When the Cuban people, under the leadership of Fidel Castro and the July 26th Movement, overthrew the U.S.-backed Batista dictatorship in 1959, it heralded a new day. Within a few years, the revolution began a major literacy program, overcame massive unemployment and inaugurated the most far-reaching healthcare plan in Latin America.
This generated an obsessive desire by then-President Eisenhower's administration and all those that have followed to destroy this revolutionary process. Forty-five years of economic blockade, endless terrorist actions generated by the CIA, as well as outright invasion (Bay of Pigs, 1961) have been methods used by the U.S. government to subvert and destroy the Cuban Revolution.
Yet this revolution remains strong and is a source of inspiration for people throughout the hemisphere. When the people of South Africa, Haiti, Nicaragua and elsewhere called, Cuba answered with the support of its healthcare and educational services and with volunteers who participated in the military struggle against the South African apartheid regime's aggression against Angola and people throughout southern Africa.
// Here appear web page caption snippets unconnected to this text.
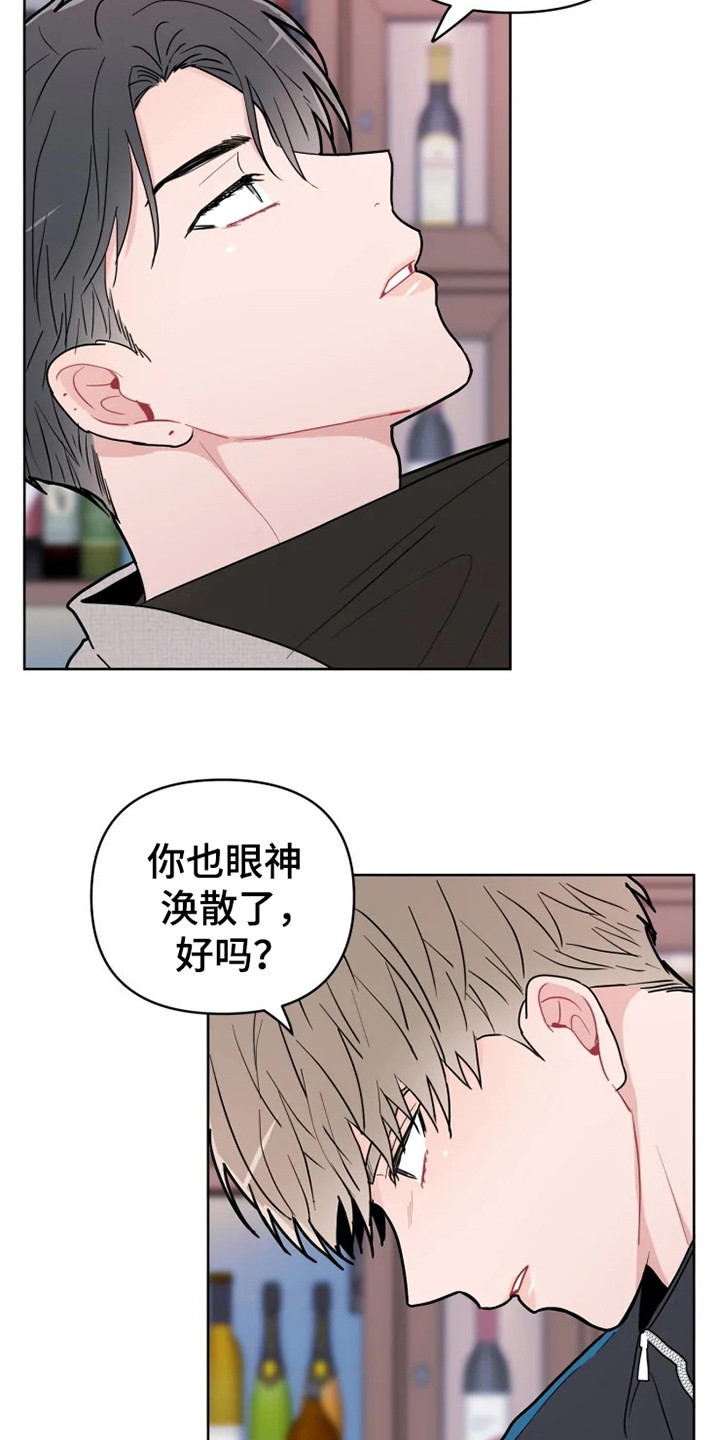 偷心花园漫画免费观看漫画,第67章：大雨咨询：一起喝酒2图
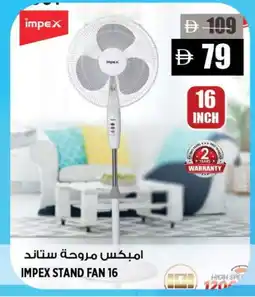 Hashim Hypermarket IMPEX Fan offer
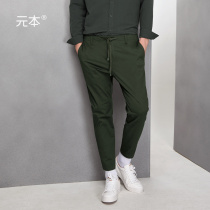 Meta Pants Stomp Zips 90% Pants Small Feet Casual Pants Men Spring Thick Trend Microcone Pure Cotton Pants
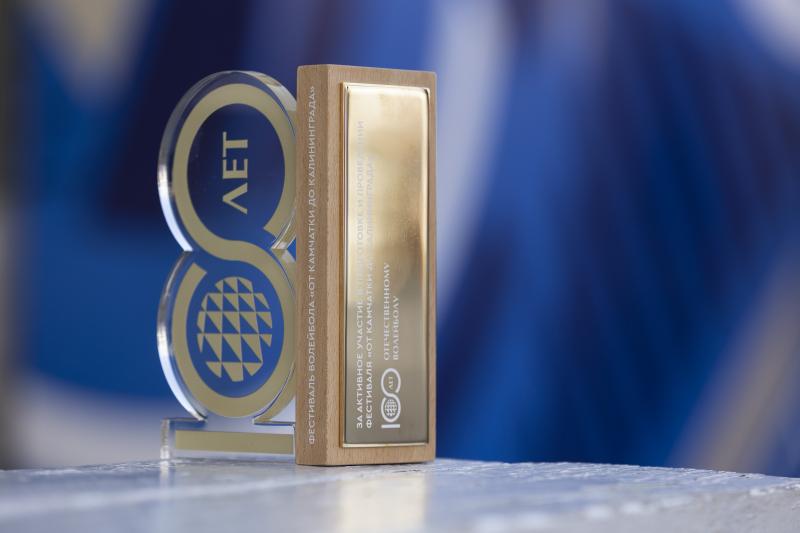 Москвичи отметили юбилей волейбола грандиозным фестивалем «От Камчатки до Калининграда»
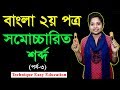 Samocharit Shabda ll Part-3 ll সমোচ্চারিত শব্দ ll বাংলা ২য় পত্র ll Class Six Seven ll ষষ্ঠ ও সপ্তম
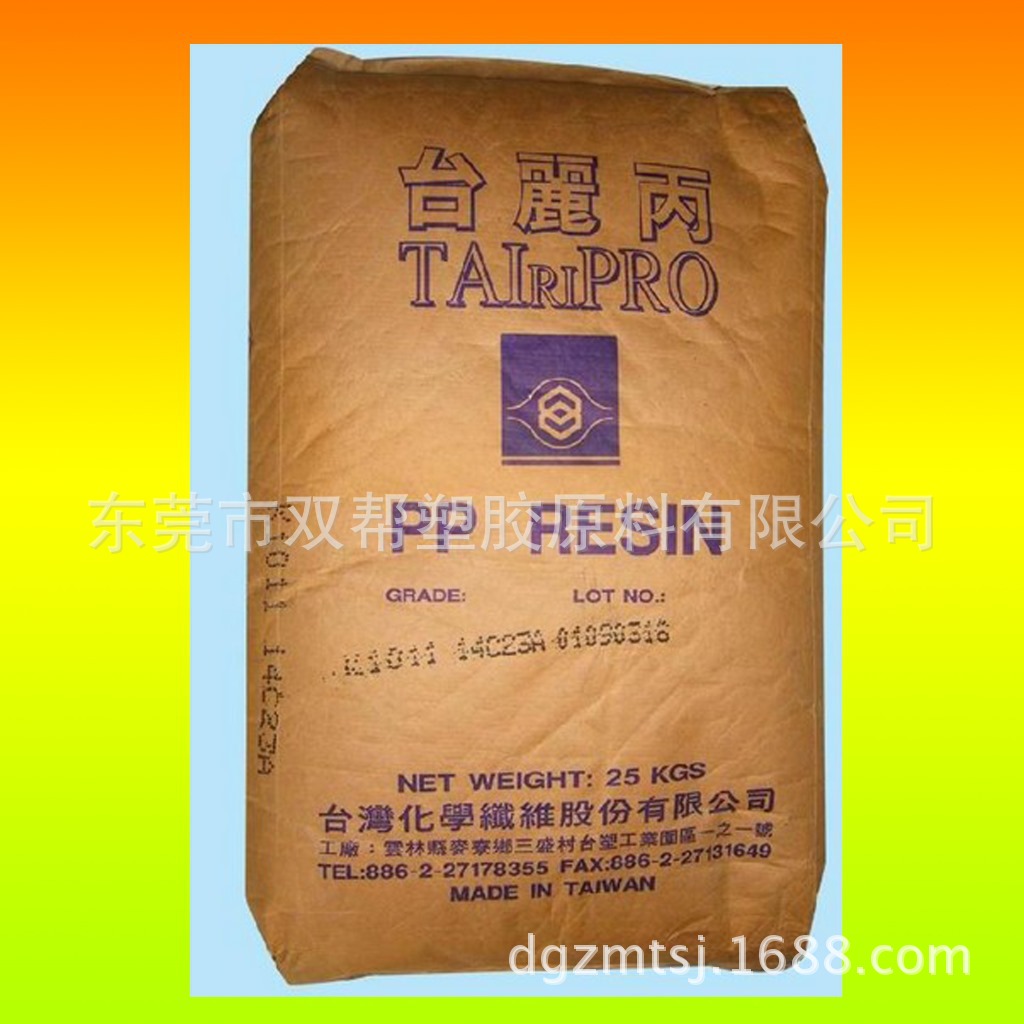 PP/台湾台化/K4535/抗静电性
The Bush administration has engaged in a dramatic escalation of covert destabilization tactics against Cuba. This includes encouraging hijackings and other terrorist acts, imposing harsh new restrictions on travel and issuing a new order giving the government more power to stop ships leaving the U.S. for Cuba. The Bush Administration openly talks about "regime change" in Cuba.
The A.N.S.W.E.R. Coalition believes that the U.S. anti-war movement must take these threats very seriously.